The single digit hexadecimal numbers correspond to the four bit numbers! This mathematical trick lets us read and write bytes as pairs of hexadecimal digits.

Binary to Decimal

Being able to read and write numbers in hexadecimal is a handy skill for computer scientists. It is very succinct to read and write but also not hard to see what the corresponding binary information is. Usually when superusers view the raw data stored on a computer, they view it in hexadecimal.

Throughout this chapter I’ve used the mathematical notation of _subscripts to show which base a number is written in. Computer scientists don’t really do this, though. Usually the base of a number is obvious from the context so they don’t write anything. But when they have numbers of different bases mixed together, they add something before the number to indicate the base. For binary, they precede the digits with ‘0b’, for hexadecimal ‘0x’, and for octal (base 8) they precede the digits with a zero. If the digits have no prefix, it is assumed to be decimal. As far as computer scientists are concerned, 2, 8, 10, and 16 are the only bases that matter.

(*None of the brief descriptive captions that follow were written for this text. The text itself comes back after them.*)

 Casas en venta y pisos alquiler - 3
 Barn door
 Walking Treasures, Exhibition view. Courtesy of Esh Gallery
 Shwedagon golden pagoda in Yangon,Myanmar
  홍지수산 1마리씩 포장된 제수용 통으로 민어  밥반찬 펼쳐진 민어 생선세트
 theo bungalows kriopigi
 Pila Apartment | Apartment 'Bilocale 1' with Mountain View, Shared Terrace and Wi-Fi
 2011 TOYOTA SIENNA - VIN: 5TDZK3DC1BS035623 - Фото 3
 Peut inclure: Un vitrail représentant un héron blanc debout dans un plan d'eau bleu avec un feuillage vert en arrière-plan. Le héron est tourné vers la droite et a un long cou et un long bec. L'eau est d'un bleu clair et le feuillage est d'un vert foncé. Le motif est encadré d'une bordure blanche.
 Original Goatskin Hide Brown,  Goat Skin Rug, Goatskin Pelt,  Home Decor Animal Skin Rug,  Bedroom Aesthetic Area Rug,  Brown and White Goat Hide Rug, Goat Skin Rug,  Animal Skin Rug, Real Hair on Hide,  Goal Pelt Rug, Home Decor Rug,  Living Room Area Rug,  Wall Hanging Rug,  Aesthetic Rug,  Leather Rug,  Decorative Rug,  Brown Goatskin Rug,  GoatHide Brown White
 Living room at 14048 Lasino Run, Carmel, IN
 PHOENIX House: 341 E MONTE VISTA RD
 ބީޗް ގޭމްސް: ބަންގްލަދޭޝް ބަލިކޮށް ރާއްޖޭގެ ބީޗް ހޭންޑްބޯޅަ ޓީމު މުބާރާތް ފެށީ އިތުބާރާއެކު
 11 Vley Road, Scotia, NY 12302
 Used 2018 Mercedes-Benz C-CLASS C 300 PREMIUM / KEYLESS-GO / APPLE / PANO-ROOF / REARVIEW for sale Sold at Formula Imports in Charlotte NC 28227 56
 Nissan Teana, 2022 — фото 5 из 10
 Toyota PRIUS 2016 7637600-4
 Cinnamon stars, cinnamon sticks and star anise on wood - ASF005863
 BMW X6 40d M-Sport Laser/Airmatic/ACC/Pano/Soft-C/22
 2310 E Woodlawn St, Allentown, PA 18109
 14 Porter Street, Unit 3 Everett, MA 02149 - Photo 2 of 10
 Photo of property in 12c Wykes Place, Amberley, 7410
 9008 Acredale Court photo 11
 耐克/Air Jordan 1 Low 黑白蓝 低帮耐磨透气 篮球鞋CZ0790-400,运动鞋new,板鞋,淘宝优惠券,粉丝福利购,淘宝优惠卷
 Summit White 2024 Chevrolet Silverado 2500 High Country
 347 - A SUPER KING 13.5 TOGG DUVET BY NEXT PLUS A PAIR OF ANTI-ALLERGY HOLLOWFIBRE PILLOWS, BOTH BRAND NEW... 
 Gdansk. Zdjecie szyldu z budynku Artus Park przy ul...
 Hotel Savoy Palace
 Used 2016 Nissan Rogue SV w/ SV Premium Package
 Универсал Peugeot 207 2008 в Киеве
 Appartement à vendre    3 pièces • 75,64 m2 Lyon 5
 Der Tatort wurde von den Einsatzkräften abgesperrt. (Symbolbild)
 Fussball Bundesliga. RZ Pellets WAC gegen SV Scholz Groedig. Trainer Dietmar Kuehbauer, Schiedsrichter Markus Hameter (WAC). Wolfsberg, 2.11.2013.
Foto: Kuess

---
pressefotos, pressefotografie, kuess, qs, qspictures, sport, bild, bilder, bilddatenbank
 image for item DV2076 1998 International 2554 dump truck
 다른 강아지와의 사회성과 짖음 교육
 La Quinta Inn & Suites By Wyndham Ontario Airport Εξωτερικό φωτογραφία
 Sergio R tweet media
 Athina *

0b10111001 = 0271 = 185 = 0xB9

You might want some graph paper for some of these exercises.

Exercises

Count from 0 to 10 in bases 2, 3, 4, 5, and 6. Write out the numbers such that they line up with each other. Notice the patterns that emerge.
Write 2843₉ and 3A02₁₃ in base 10.
8 bits is called a byte so 4 bits is called a “nibble” (there’s that computer scientist humor again). Look back at the chart showing how hexadecimal digits correspond to binary nibbles. Now count from 0 to 15 in binary, writing out all 4 bits of each nibble, just like in the chart. Trust me: do it. Do you notice any patterns? Do you see a trick for easily counting in binary without needing to add 1 and keep track of carrying?
Write out a random sequence of 16 ones and zeroes. Now convert your 16-bit binary number to hexadecimal by breaking it into 4-bit groups. Repeat this a few times until you start feeling comfortable with the process.
At the last minute I mentioned base 8 AKA octal. And earlier I showed you a trick for quickly converting from binary to hexadecimal. Since 16 and 8 are both powers of 2, can you find a similar trick for quickly converting from binary to octal? Do you see how this trick could apply to other pairs of bases?